→ **YOUR ASSIGNMENT**: Start at the line that contains "Beige Button-Tufted Wingback". Repeat it and each line after it, exactly, up to and including the final line of the data.

Start of GIVEN MATERIAL

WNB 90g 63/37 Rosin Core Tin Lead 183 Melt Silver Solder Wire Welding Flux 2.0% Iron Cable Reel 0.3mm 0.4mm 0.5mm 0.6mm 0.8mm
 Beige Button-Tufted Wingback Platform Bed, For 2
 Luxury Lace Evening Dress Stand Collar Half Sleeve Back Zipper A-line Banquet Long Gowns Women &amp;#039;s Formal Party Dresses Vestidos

End of GIVEN MATERIAL

→ **RESULT**:
 Beige Button-Tufted Wingback Platform Bed, For 2
 Luxury Lace Evening Dress Stand Collar Half Sleeve Back Zipper A-line Banquet Long Gowns Women &amp;#039;s Formal Party Dresses Vestidos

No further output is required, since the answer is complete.